Algorithmia Security Bounty Program
For us here at Algorithmia, protecting the privacy and security of our user’s information is a top priority. To that end, Algorithmia recognizes security researchers for their efforts through a bug bounty program.
A bug bounty program is common practice amongst leading companies to improve the security and experience of their products. This type of program provides an incentive for security researchers to responsibly disclose vulnerabilities and bugs, and allows for internal security teams to respond adequately in the best interest of their users.
All vulnerabilities should be reported via firstname.lastname@example.org.
We require that all researchers:
Make every effort to avoid privacy violations, degradation of user experience, disruption to production systems, and destruction of data during security testing:
- Use the designated communication channels to report vulnerability information to us; and
- Keep information about any vulnerabilities you’ve discovered confidential between yourself and Algorithmia until we’ve had 90 days to resolve the issue.

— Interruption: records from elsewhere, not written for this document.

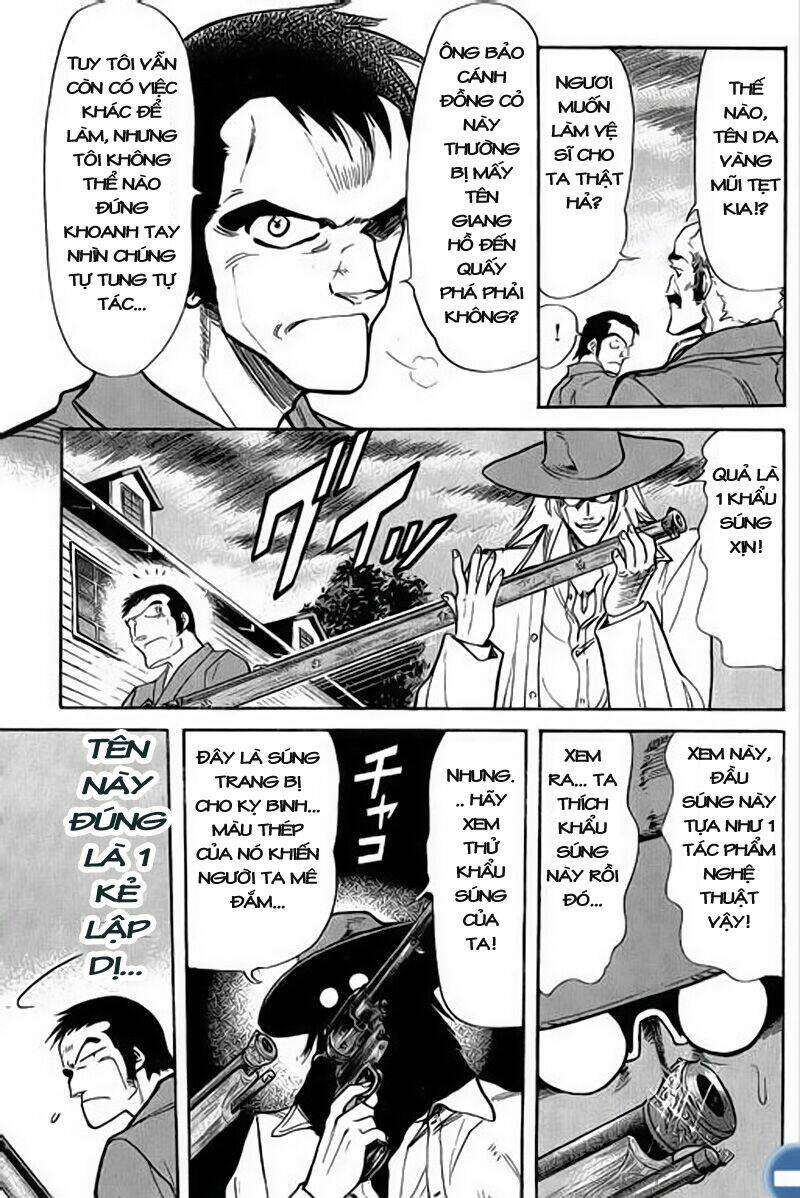 Red Living On The Edge - Người Da Đỏ Lang Thang: Chapter 4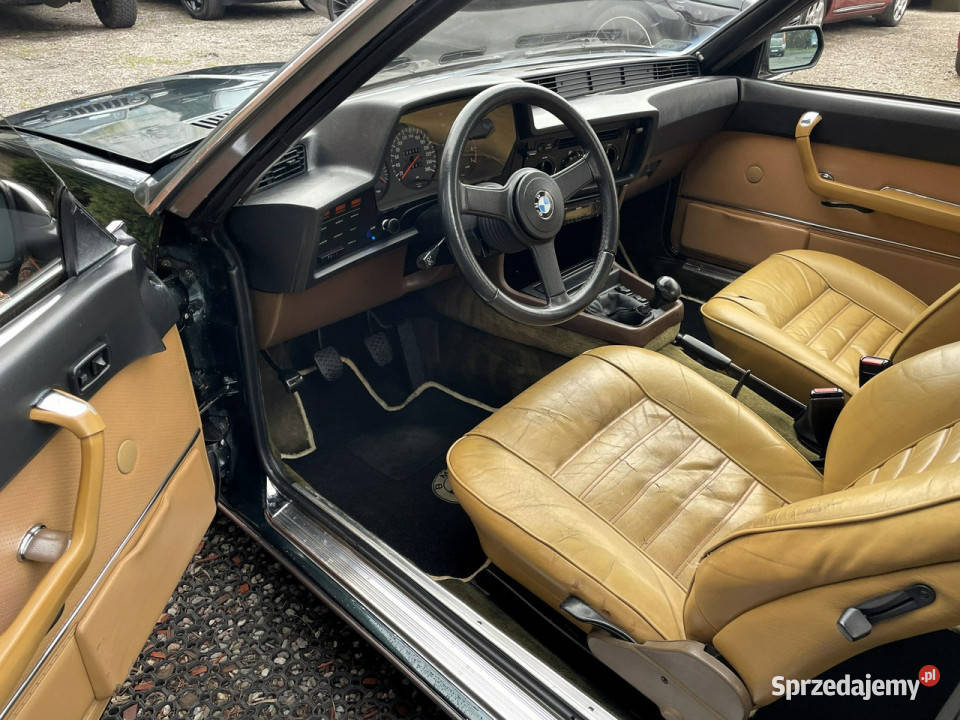 BMW 635 Europa Inwestycja Kolekcjonerski Bydgoszcz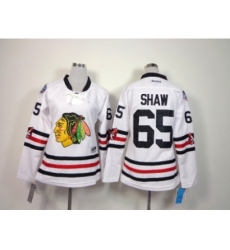 NHL Women chicago blackhawks #65 shaw white jerseys(2015 new classic) NHL Women chicago blackhawks #65 shaw white jerseys(2015 new classic)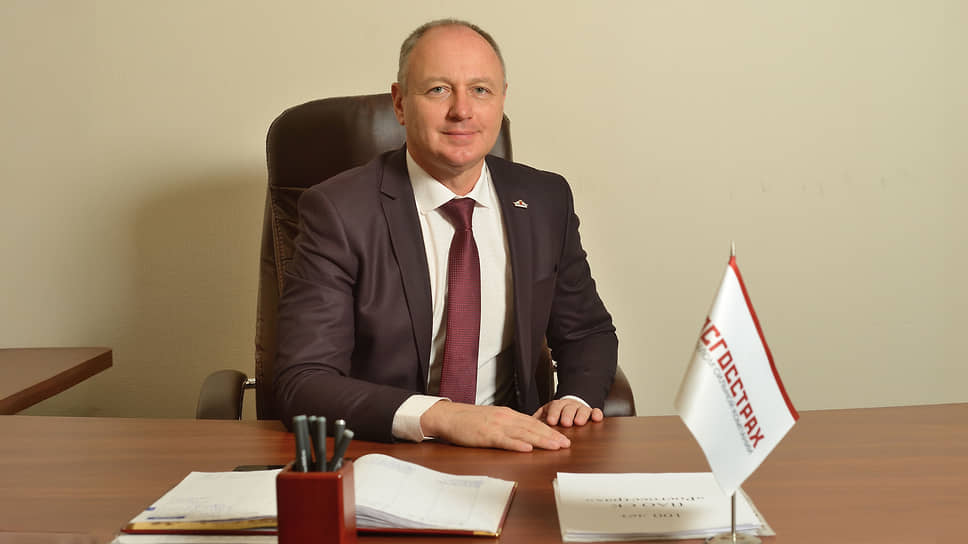 Дмитрий Есипов, директор филиала Росгосстраха в Ростовской области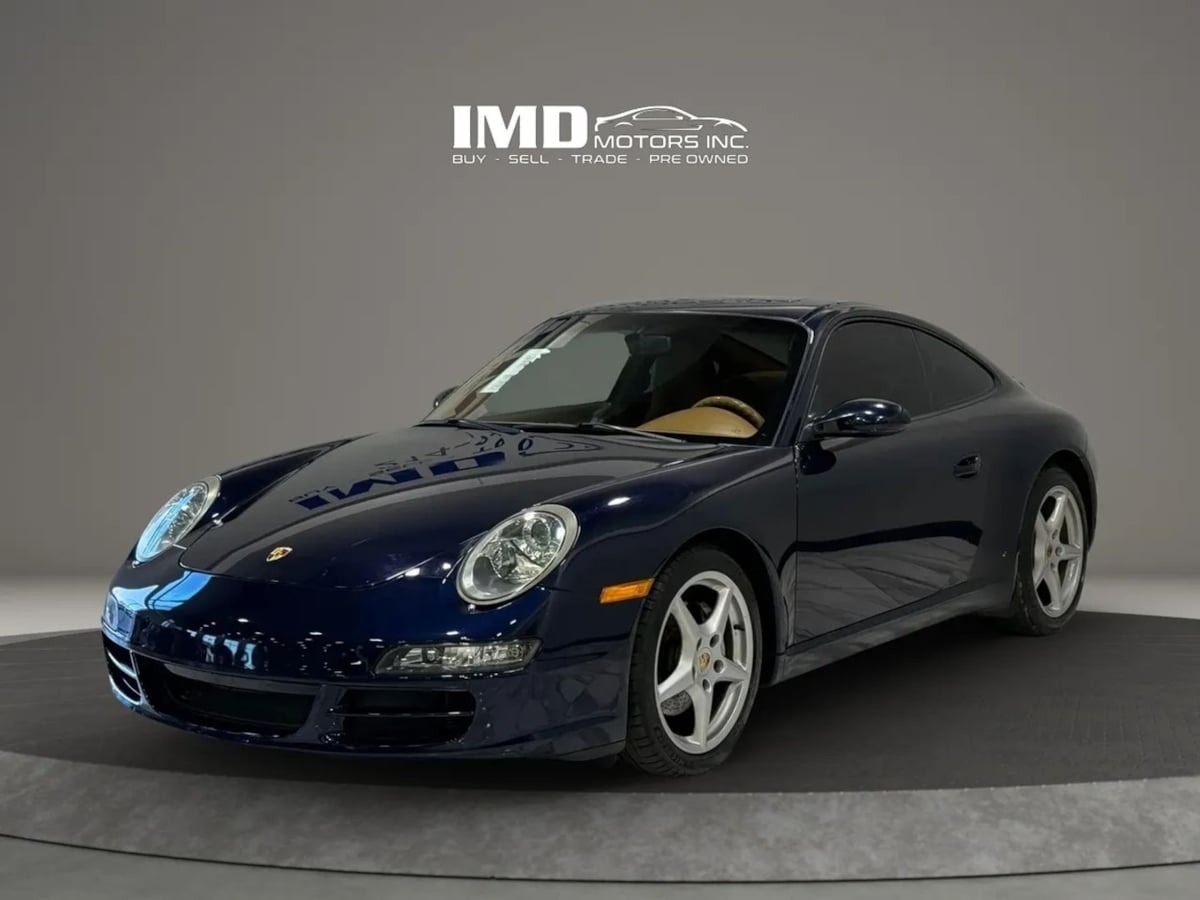 2005 Porsche 911 Carrera Coupe's photo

If you follow these guidelines when reporting an issue to us we commit to:
Not institute a civil legal action against you and not support a criminal investigation;
Work with you to understand and resolve the issue quickly (confirming the report within 72 hours of submission);
Recognize your contribution on our site, if you are the first to report the issue and we make a code or configuration change based on the issue.
Any component developed by us under Algorithmia.com is fair game for this bounty system except individual algorithms created by our users.
Out of Scope:
Any services hosted by 3rd party providers and services are excluded from scope.
In the interest of the safety of our users, staff, the Internet at large, and you as the security researcher, the following test types are excluded from scope and not eligible for a reward:
- Findings from physical testing such as office access (e.g. open doors, tailgating)
- Findings derived primarily from social engineering (e.g. phishing)
- Findings from applications or systems not listed in the ‘Targets’ section
- Functional, UI and UX bugs and spelling mistakes
- Network level Denial of Service (DoS/DDoS) vulnerabilities
Things we do not want to see:
Personally identifiable information of users (PII) that you may have found during your research.